Но Луи знал, зачем нужна эта поездка. "Лес, ты не забыл, который год на дворе? Девятьсот девяносто восьмой. Конец, браток, веку двадцатому. Пора потихоньку чухаться. Понятно, что нельзя все сразу, и никто от тебя этого не требует. Но программа есть программа, дружище. Пора действовать. Стена — это потом. Мы начнем с малого. Начнем с китайского ресторана".

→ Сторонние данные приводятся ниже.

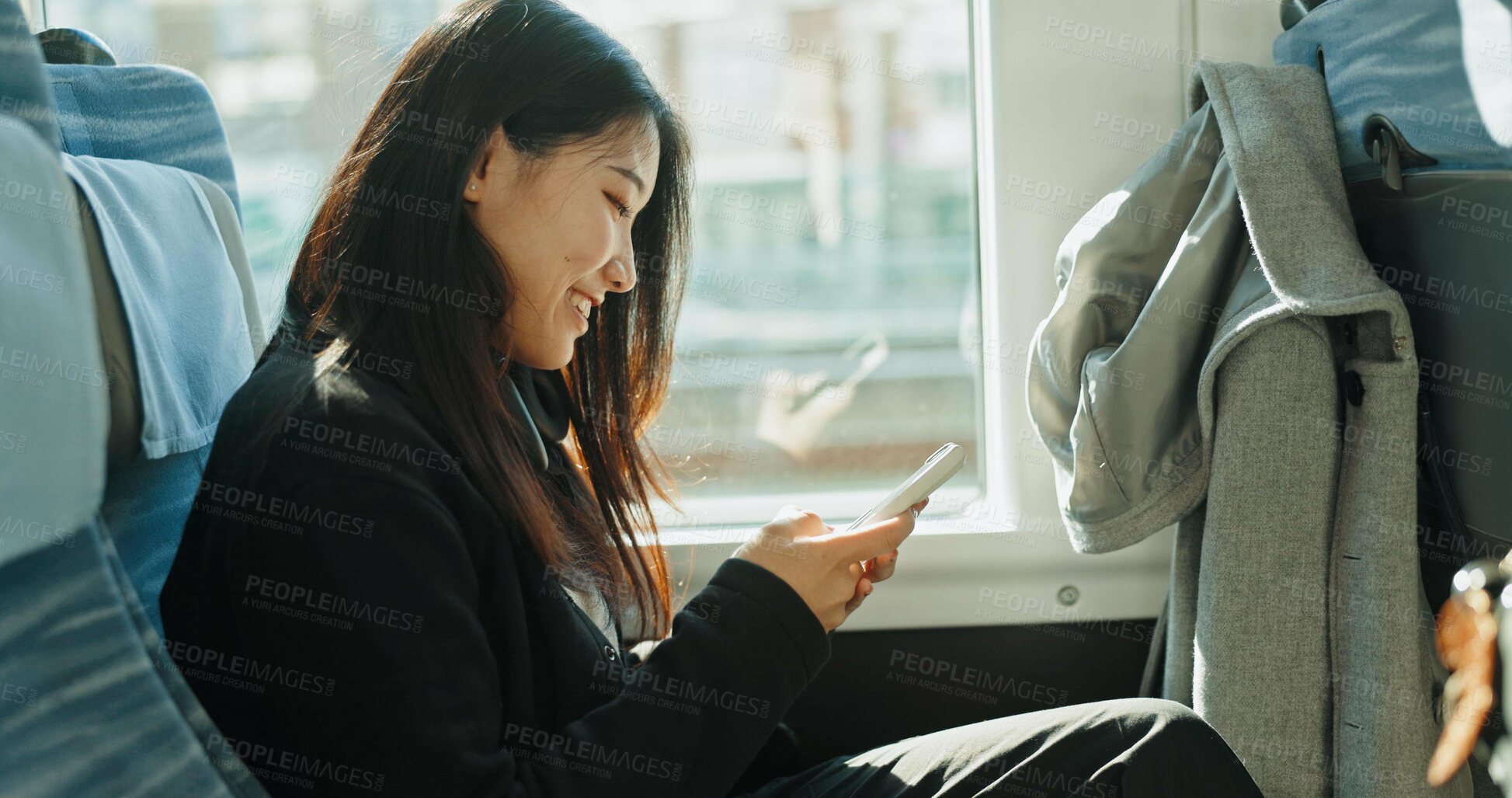 Buy stock photo Bus, travel and woman with a smartphone, smile and Japanese with commute, social media and connection. Person, transportation and girl with cellphone, mobile user and typing with communication or joy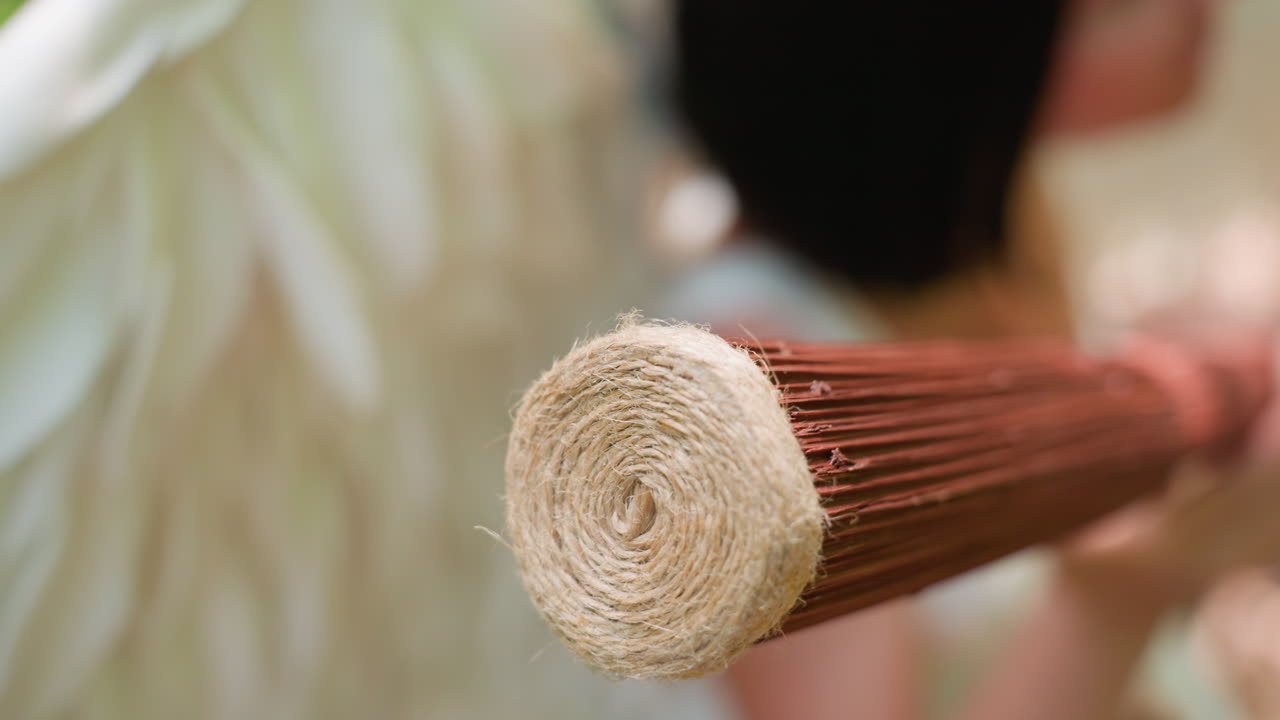 Extreme close up of fairy creature holding and rotating wooden staff wrapped with rope under soft forest light, focusing on spiral texture and movement, symbolizing connection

Но для Леса это вовсе не значило начать с малого; Лес, когда в Афине им с Фауни надо было взять что-нибудь на вынос, всегда ждал в машине, пока она покупала еду. Войти внутрь — он бы увидел там желтых и сразу захотел всех поубивать. "Но они же китайцы, — втолковывала ему Фауни, — не вьетнамцы". — "Да какая вшивая разница! Желтый гад — он и есть желтый гад! Больше знать ничего не хочу!"
Мало, можно подумать, он намучился от бессонницы за двадцать шесть лет: всю неделю перед походом в китайский ресторан не спал вообще. Раз пятьдесят, наверно, он звонил Луи, говорил, что не может идти, и чуть не половина звонков — в три ночи и позже. Но Луи слушал, который бы ни был час, давал ему выложить все, что на уме, соглашался даже, терпеливо так приговаривал: "Угу… угу… угу", но в конце всегда выруливал на свое: "У тебя, друг, одна будет задача: сесть и сидеть сколько получится. Вот и все. Что бы в тебе ни крутилось — ну, печаль там, злость, ненависть даже, ярость, — мы с тобой будем, а тебе только постараться подольше высидеть, и никуда не бежать, и ничего не делать". — "Но официант, официант, — гнул свое Лес, — как мне с ним-то, на хер, быть? Нет не могу я, Лу, — рехнусь там к чертовой матери". — "Официанта я на себя беру. Твое дело будет — сидеть". На всякое возражение Леса, вплоть до того, что он может убить официанта, Луи отвечал, что его задача будет — сидеть. Как будто есть разница, сидишь ты или не сидишь, если перед тобой твой злейший враг!